2.0 ETIQUETTE OF THE PATIENT
The patient should express gratitude to the caregivers even if there is no physical improvement. Patient complaints should be for drawing attention to problems that need attention and not criticizing caregivers. The patient should be patient because illness is expiation for sins, kaffaarat, and Allah rewards those who surrender and persevere. The patient should make dua for himself, caregivers, visitors, and others because the dua of the patient has a special position with Allah. When a patient sneezes he should praise Allah and the mouth to avoid spread of infections. It is obligatory for the attendants to respond to the sneezer. The patient should try his best to eat and drink although the appetite may be low. The caregivers can not force the patient to eat. They should try their best to provide the favorite food of the patient. The believing patient should never lose hope from Allah. He should never wish for death. The patient should try his best to avoid anger directed at himself or others. Getting angry is a sign of losing patience.

3.0 ETIQUETTE OF THE CARE-GIVER
The caregiver should respect the rights of the patient regarding advance directives on treatment, privacy. access to information, informed consent, and protection from nosocomial infections. Caregivers must be clean and dress appropriately to look serious, organized and disciplined. They must be cheerful, lenient, merciful, and kind. They must enjoin the good, have good thoughts about the patients and avoid evil or obscene words. They must observe the rules of lowering the gaze and khalwat.

Caregivers must have an attitude of humbleness, They cannot be emotionally-detached in the mistaken impression that they are being professional. They must be loving and empathetic and show mercifulness but the emotional involvement must not go to the extreme of being so engrossed that rational professional judgment is impaired.

They must make dua for the patients because pre-determination, qadar, can only be changed by dua.. They must seek permission, izin, when approaching or examining patients. Medical care must be professional, competent, and considerate.

Medical decisions should consider the balance of benefits and risks. The general position of the Law is to give priority to minimizing risk over maximizing benefit. Any procedures carried out must be explained very well to the patient in advance. The caregiver must never promise cure or improvement. Every action of the caregiver must be preceded by basmalah. Everything should be predicated with the formula inshallah, if Allah wishes.

The caregivers must listen to the felt needs and problems of the patients. They should ask about both medical and non-medical problems. Supportive care such as nursing care, cleanliness, physical comfort, nutrition, treatment of fever and pain are as important as the medical procedures themselves and are all what can be offered in terminal illness. Caregivers must reassure the patients not to give up hope. Measures should be taken to prevent nosocomial infections.

4.0 ETIQUETTE OF INTERACTION BETWEEN GENDERS
Both the caregiver and patient must cover nakedness, awrat, as much as possible. However, the rules of covering are relaxed because of the necessity, dharurat, of medical examination and treatment. The benefit, maslahat, of medical care takes precedence over preventing the harm inherent in uncovering awrat. When it is necessary to uncover awrat, no more than what is absolutely necessary should be uncovered. To avoid any doubts, patients of the opposite gender should be examined and treated in the presence of others of the same gender.

The caregivers should be sensitive to the psychological stress of patients, including children, when their awrat is uncovered. They should seek permission from the patient before they uncover their awrat. Caregivers who have never been patients may not realize the depth of the embarrassment of being naked in front of others.

Medical co-education involves intense interaction between genders: Teacher-student, student-student, and teacher-teacher. Interacting with colleagues of the opposite gender raises special problems: norms of dress, speaking, and general conduct; class-room etiquette; social interaction; laboratory experiments on fellow students; Clinical skills laboratory: learning clinical skills by examining other students;

Medical personnel of opposite genders should wear gender-specific garments during surgical operations because our culture frowns on any attempt to look like the opposite gender.

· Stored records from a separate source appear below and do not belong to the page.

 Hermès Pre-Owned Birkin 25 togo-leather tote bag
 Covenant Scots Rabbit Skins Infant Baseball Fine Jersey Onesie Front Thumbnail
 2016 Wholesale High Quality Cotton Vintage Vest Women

Guidelines on interaction with patients of the opposite gender should be followed. Taking history, physical examination, diagnostic procedures, and operations should preferably be by a physician of the same gender. In conditions of necessity a physician of the opposite gender can be used and may have to look at the ‘awrat or touch a patient. The conditions that are accepted as constituting dharuurat are: skills and availability.

5.0 DEALING WITH THE FAMILY
Visits by the family fulfill the social obligation of joining the kindred and should be encouraged. The family are honored guests of the hospital with all the  rights of a guest. The caregiver must provide psychological support to family because they are also victims of the illness because they anxious and worried. They need reassurance about the condition of the patient within the limits allowed by the rules of confidentiality. The family can be involved in some aspects of supportive care so that they feel they are helping and are involved. They should however not be allowed to interrupt medical procedures. Caregivers must be careful not to be involved in family conflicts that arise from the stresses of illness.

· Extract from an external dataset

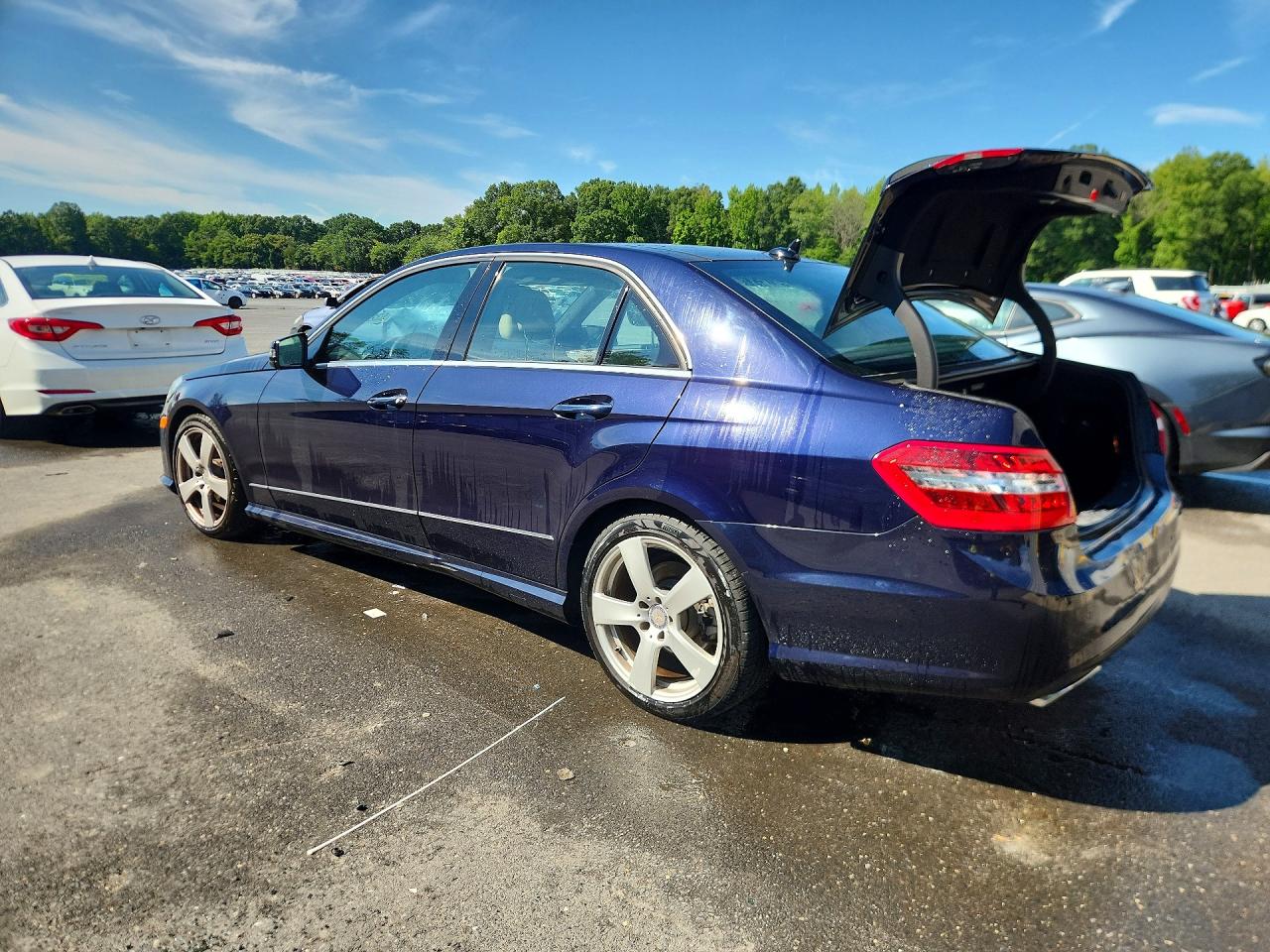 2011 Mercedes-benz E 350 4matic Синий vin: WDDHF8HB9BA427301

0910L-GROUP DISCUSSION IN A STUDY GROUP
Discussion material by Professor Omar Hasan Kasule Sr. for the Communication Module FOM KFMC 6th and 13th October 2009

1.1 Membership: Members of the study group should be of the same age groups and preferably same academic level. It is however possible to mix people of different ages and academic levels so that the young can learn from the older.

1.2 Leadership of discussion: The Naqib can lead discussion in some sessions and is also encouraged to delegate this responsibility to various members of the usra. Whoever has the responsibility for leading discussions must take 20-30 minutes preparing for the session

1.3 Start and end: Members should start by reciting surat al fatihat and should adjourn with recitation of dua kaffarat al majlis

1.4 Scheduling: Meetings of the study group should be schedules in advance. They are preferably associated with acts of ibadat. The best times are therefore: before salat al fajr, after salat al fajr, before salat al jumu’at, after salat al asr, before salat al maghrib, and between salat al maghrib and salat al isha.

1.5 Time management: The leader must make sure that all items on the agenda are covered. Time should be left at the end to deal with any other matters that may arise or to solve any problems that may arise.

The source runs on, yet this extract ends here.